La majoration des heures supplémentaires

se maintient à hauteur de 25% pour les huit premières heures, et à 50% pour les suivantes. Cependant, cette majoration peut être limitée à 10% suite à un accord entre la direction et les représentants syndicaux à condition qu’aucun accord de branche ne s’y oppose.

Instauration d’un référendum d’entreprise.

Il s’agit d’une innovation dans le droit du travail. La validation du référendum est soumise à l’approbation de plus de 50% des salariés. Les syndicats majoritaires ne pourront pas s’opposer au résultat.

La mise en place du Compte Personnel d’Activité (CPA).

Elle constitue la grande réforme sociale du quinquennat. La loi travail en précise les modalités : ce compte regroupe le compte personnel de formation (CPF), le compte pénibilité ainsi que le compte d’engagement citoyen (CEC), un nouveau compte valorisant les activités bénévoles.

La reconnaissance d’un droit à la déconnexion.

Cette mesure oblige les entreprises à mettre en place des mesures permettant de garantir le respect des congés payés et du temps de repos de salariés. Ces mesures sont négociées directement dans l’entreprise entre les représentants du personnel, les représentants syndicaux et la direction. Un point reste en suspens : quelles seront les mesures prises à l’égard des entreprises ne respectant pas cette obligation ?

La reconnaissance du bulletin de paie électronique.

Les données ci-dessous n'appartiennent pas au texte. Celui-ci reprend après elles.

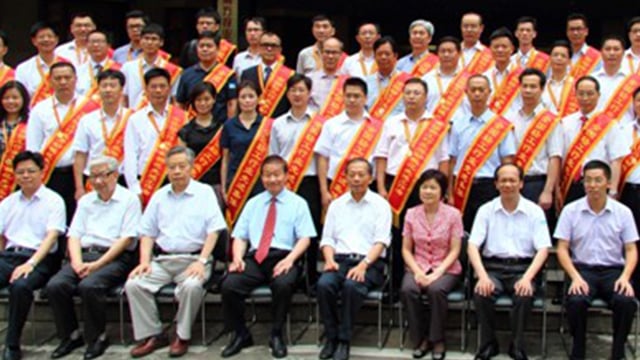 shunxianglinweihezongjinglironghuoquanguoqinggongxingyelaodongmofanxianjingongzu 顺祥林伟河总经理荣获全国轻工行业劳动模范先进工作者称号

Elle s’inscrit dans une démarche de simplification et de respect de l’environnement. Pour l’heure, l’employeur doit préalablement solliciter l’accord du salarié pour recourir au bulletin de paie électronique, le salarié étant en droit de s’y opposer.

La religion au sein de l’entreprise.

La loi autorise les entreprises à inscrire dans les règlements intérieurs des « dispositions inscrivant le principe de neutralité et restreignant la manifestation des convictions des salariés ».

La protection des travailleurs saisonniers.

La loi travail souhaite rétablir l’équilibre avec les CDD traditionnels. Depuis l’été 2017, les entreprises qui emploient des travailleurs saisonniers sont dans l’obligation de « négocier d’une saison sur l’autre la reconduction des contrats à caractère saisonnier et de prendre en compte l’ancienneté des salariés ».

L’extension de la « Garantie jeunes ».

Entrée en vigueur depuis le 1er janvier 2017, ce dispositif vise à aider les 18-25 ans en situation de chômage ou de décrochage scolaire.

La réforme imaginée ouvre le champ des possibles pour les entreprises – notamment les TPE, PME et ETI -, les ordonnances leur offrant plus de flexibilité à travers un assouplissement du dialogue social via les délégués du personnel ou le recours au référendum, la simplification des licenciements, la fusion des instances représentatives du personnel, l’assouplissement du cadre juridique du télétravail…

« Cette réforme constitue une première étape importante dans la construction d’un droit du travail en phase avec la réalité quotidienne de nos entreprises », a indiqué Pierre Gattaz, le président du MEDEF. Les possibilités offertes aux entreprises constituent de véritables opportunités pour l’avenir mais le nouveau modèle imaginé suppose une réflexion de fond sur la relation employé-employeur, l’organisation et le management au sein de l’entreprise.